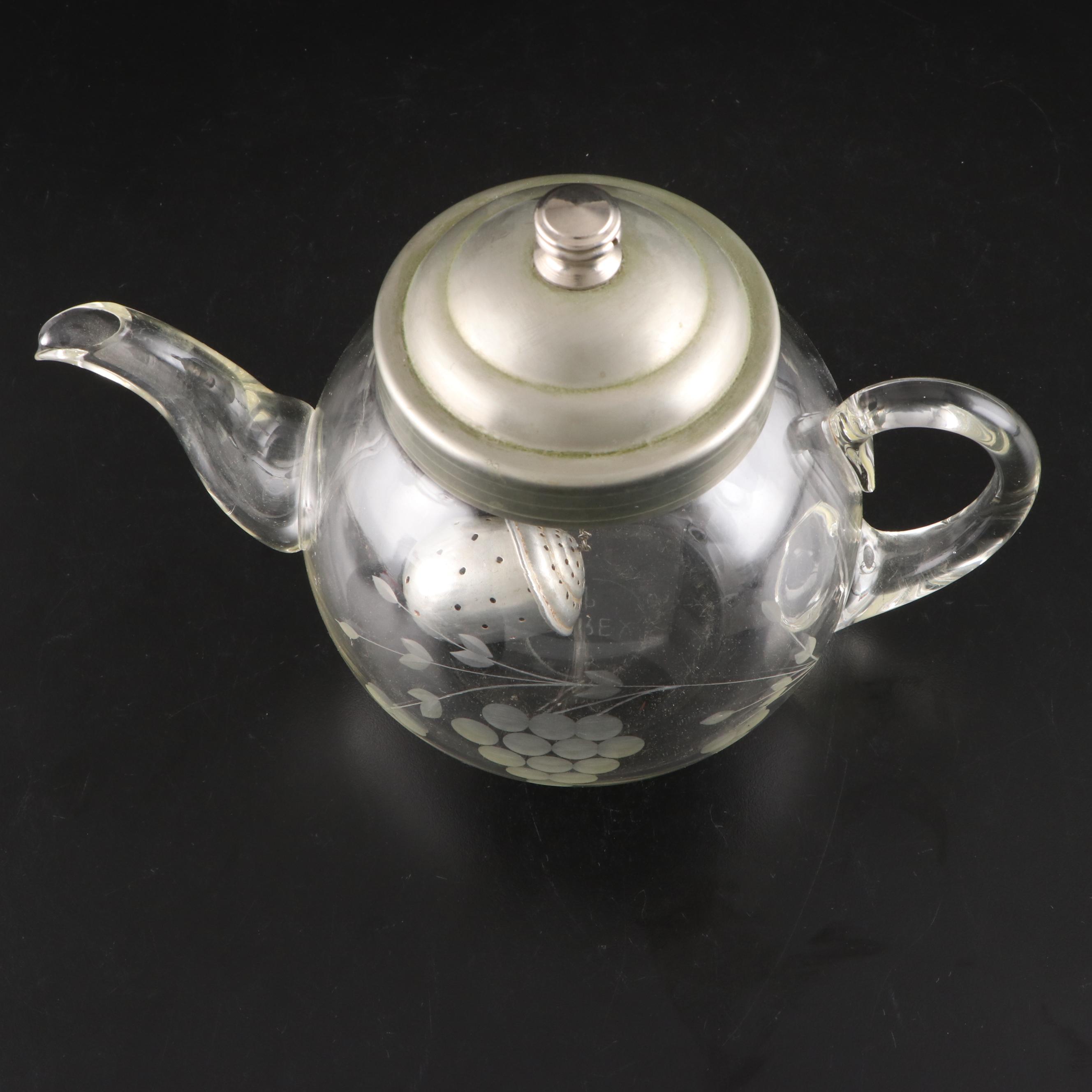Pyrex Etched Glass Teapot with Tea Strainers, 20th Century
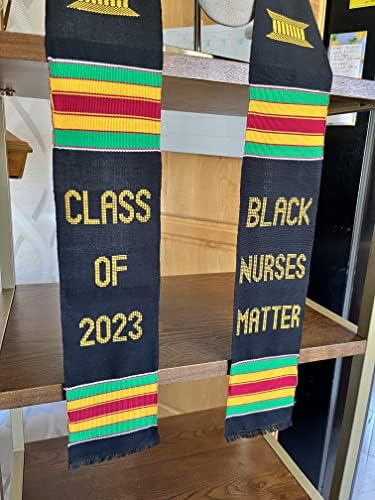 Ovaltag Black Nurses Matter Class de 2023 Kente Stole, Graduação Custom Stole /College Kente Sash 2023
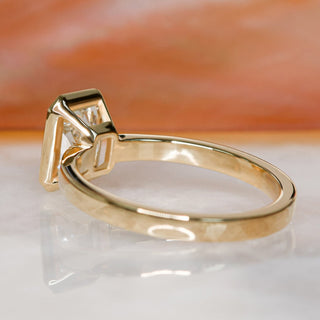 1.0 CT Radiant Bezel CVD E/VS1 Diamond Engagement Ring - violetjewels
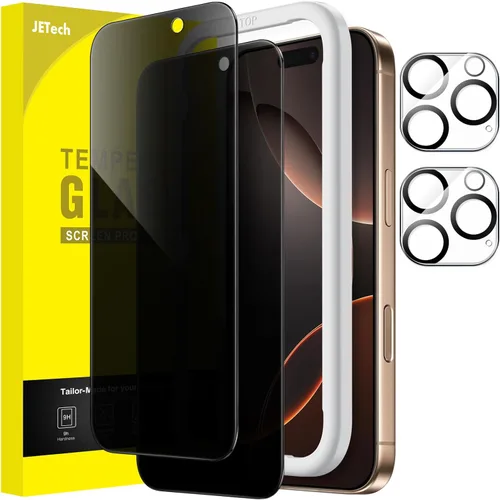 Miniatura 20 de JETech - Protector de pantalla de privacidad para iPhone 17 Pro de 6,3 pulgadas con protector de lente de cámara, película de vidrio templado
+++
*WHAT TO DO*: From the line containing "1.0 CT Radiant" through the last line of the data above, write out every line word for word, and nothing else. Do not include the pictures.

*WRITTEN ANSWER*:
 1.0 CT Radiant Bezel CVD E/VS1 Diamond Engagement Ring - violetjewels
 Miniatura 20 de JETech - Protector de pantalla de privacidad para iPhone 17 Pro de 6,3 pulgadas con protector de lente de cámara, película de vidrio templado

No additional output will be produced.